The Rules Of Gray or The Ten Commandments of Good Black and White Photography
A black and white photography tutorial
By Joel Tjintjelaar
This is the first fragment of the book we are posting publicly: highlights from two of the most important chapters of the book From Basics to Fine-art : “The Rule of Grays” by Joel Tjintjelaar and “Practical Guide to Discovering Artistic Vision” by Julia Anna Gospodarou. The book is the product of more than one year of intensive work and also of many years of studying art, architecture and photography and has been released in May 2014.
Rules of Gray or The 10 monochromatic commandments for good black and white photography
So how to create a good black and white photograph, knowing that it’s all about light, and light only? In other words, what makes a great Black and White photograph? I’ve made up a set of principles that I will call the Rule of Grays or the 10 Monochromatic Commandments that will help you understand what a good black and white photograph is made of.
1.Gray rules.
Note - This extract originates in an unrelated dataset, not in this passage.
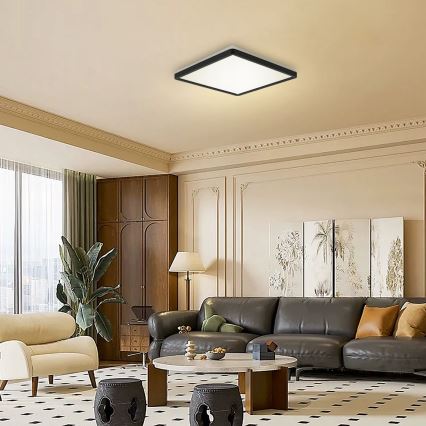 Brilagi - LED regulējams gaismeklis ar kustības un krēslas sensoru ULTRA PLĀNS LED/18W/230V 30x30 cm + tālvadības pults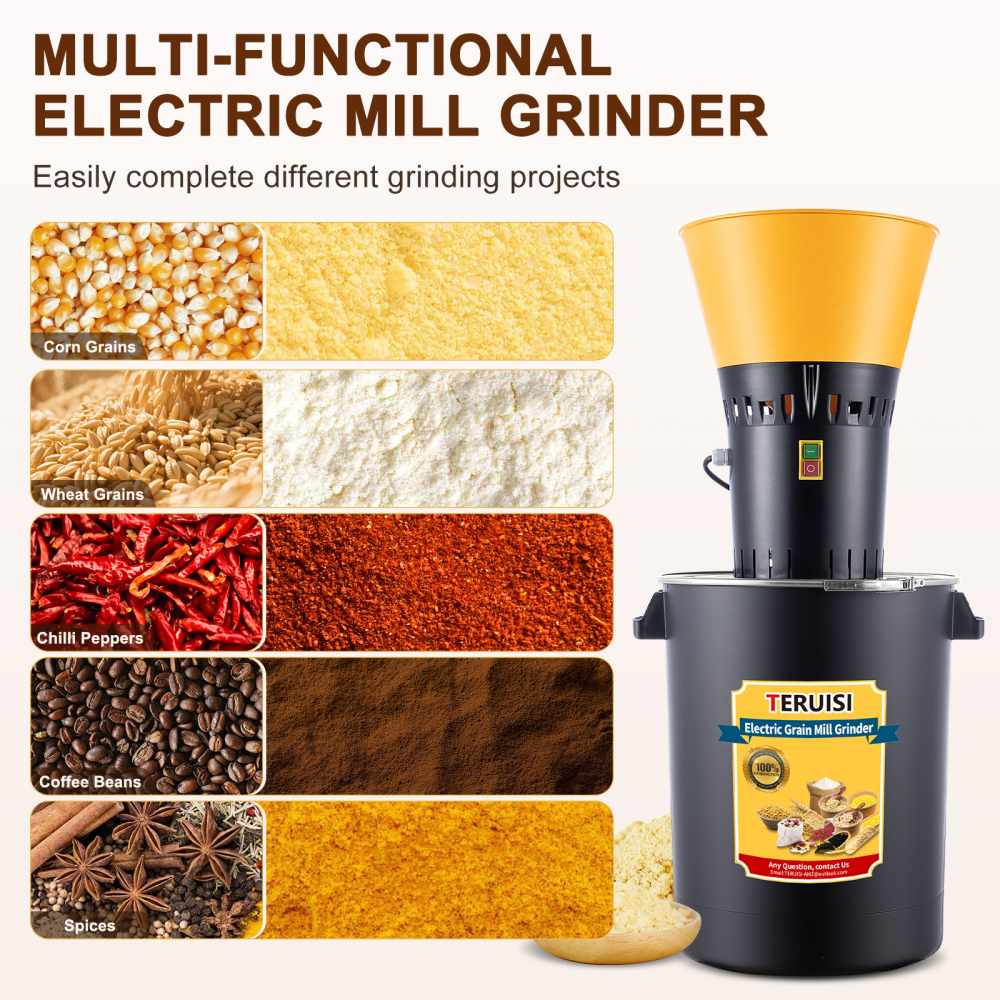 Grain Mill Grinder, 15.8 Gallons Electric Grain Mill Corn Grinder, 1500W Dust-Free Dry Cereals Grinders with Detachable Hopper & 5 Size Sieves for Farm Home Wheat Spice Rice Feed Flour (60L)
There’s just one color in black and white photography that really is interesting: gray. Not black or white, no gray. Black is the complete absence of light and white obviously the complete presence of light. When we’re talking about black and white photographs we’re not really talking about a photograph consisting only of a black or a white tone. They are the least interesting. No, we talk about the gray tones. Black is the darkest gray tone, stripped of all light, white is the lightest gray tone, exposed with too much light. In both cases we don’t see anything, because it’s either too bright or there’s no light. Add a bit of light to black and you have a dark gray tone, remove a bit of light from pure white and you have a light gray tone. There’s only one pure black tone and there’s only one pure white tone, but there are 253 shades of gray. Gray rules and should be dominating a black and white photograph: the rule of grays.
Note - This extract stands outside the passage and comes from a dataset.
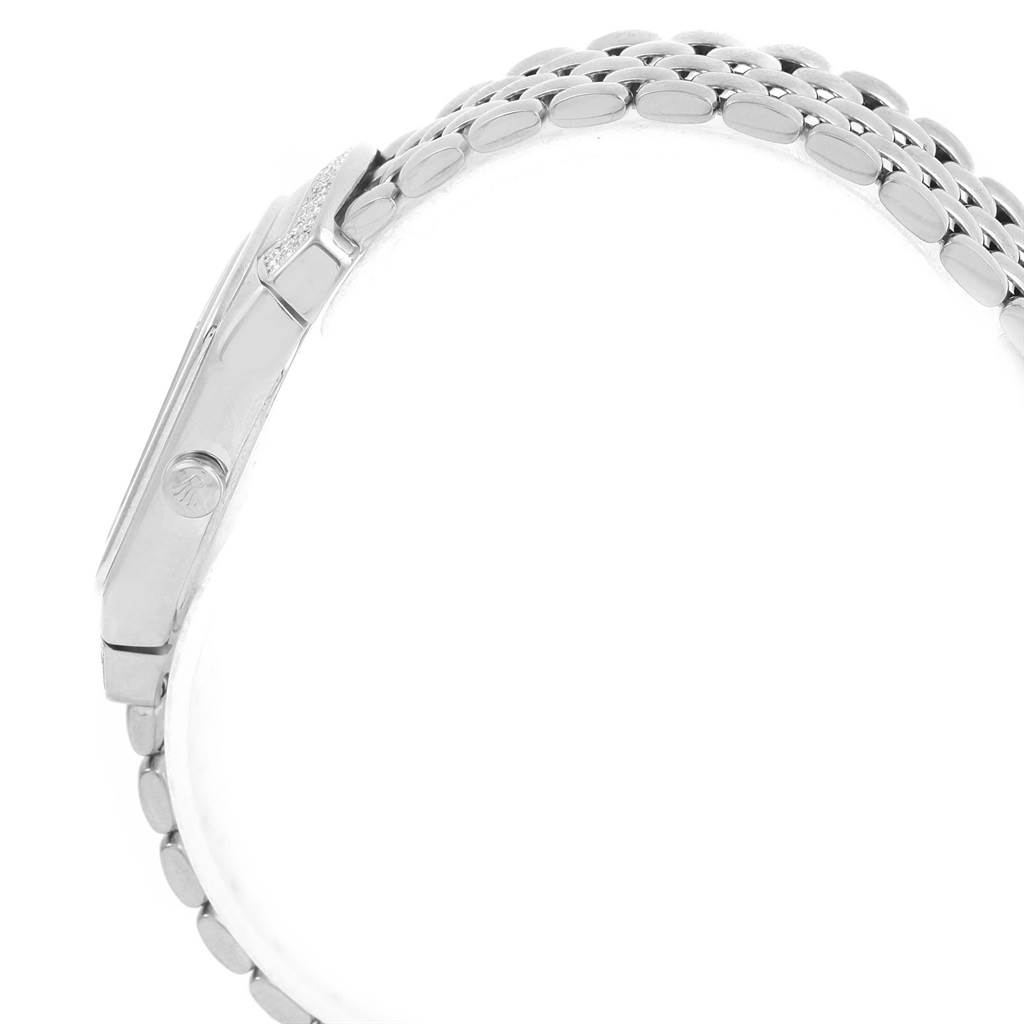 This side view shows the bracelet, clasp, and case of a Rolex Cellini 6693 Women's White Gold White Dial 6693 Women's White Gold White Dial watch.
2.Selective tonal contrast. Any good black and white photograph has contrast. The eye is always drawn to the area in a photo that has the most contrast. If there’s an area in the image that has pure black against pure white, then that area will get all the attention. If you create an image with too much contrast that hasn’t been carefully chosen then the eye will go all over the image and doesn’t know where to look at. How to create contrast in a correct way? It’s not just a matter of hitting the contrast button. It’s a matter of analyzing first where you want the eye to look at. If you do it right then you start with creating contrast by getting it right in-camera with your DSLR or any other camera.But even if you don’t do it right in-camera because the light isn’t perfect, then you can always create more contrast in post production in the areas in the images that you’ve selected as an artist. That’s one of the benefits of converting color to black and white instead of having the black and white in-camera. You can simply create contrast where there was no contrast and remove where it once was. If you have a color photograph that has a subject with a blue shirt against a blue background then the subject will fade away against the background. But you can decide in post-production to translate the blue background to different tonal values than the subject with the blue shirt. The freedom of black and white conversion. Creating contrast or enhancing contrast should be done carefully and very selectively and not by just brightening the whites and darken the blacks. Selective use of tonal contrast is one of the most important elements in any great black and white photograph.
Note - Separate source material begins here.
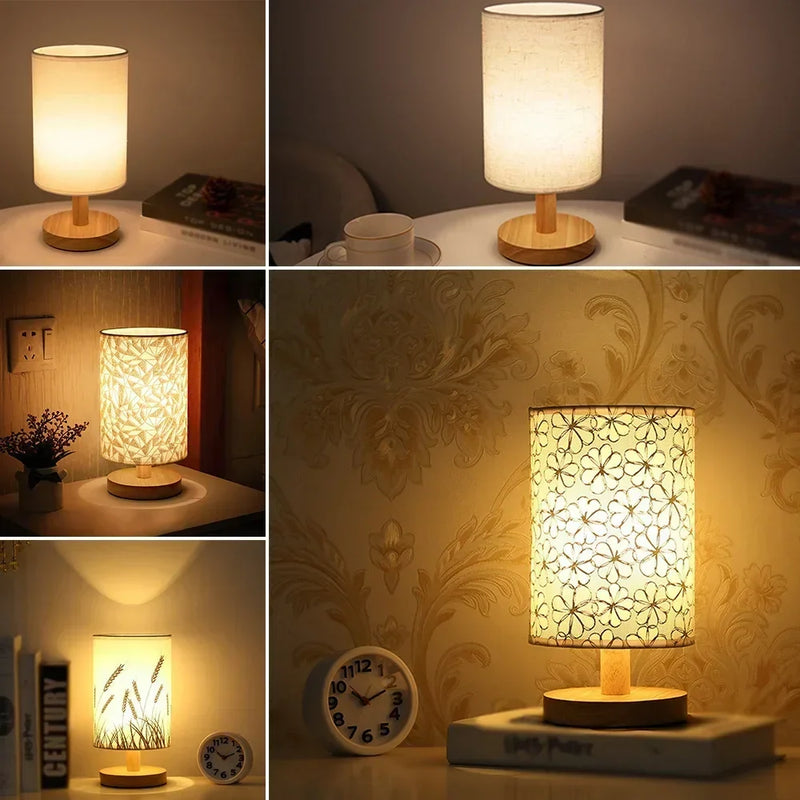 Afralia™ LED Desk Lamp Solid Wood Night Light Eye Protection USB Powered Table Lamp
3.Tonal separation. Opposite to color photos, different objects in black and white photos that intersect or overlap each other are not separated by colors but by shades of gray. If intersecting or overlapping objects have the same shade of gray then this should be “corrected” by manipulating these tones until they have values that are further away from each other. The more they differ in values, the better the objects are separated, the more presence and depth they will have. An example of that is the photo called Visual Acoustics IV – Silence and Light – Tour Total where I separated the statue in the foreground from the building in the background by manipulating the tonal values in and just around the statue to create subtle contrasts and make the statue stand out more from the background.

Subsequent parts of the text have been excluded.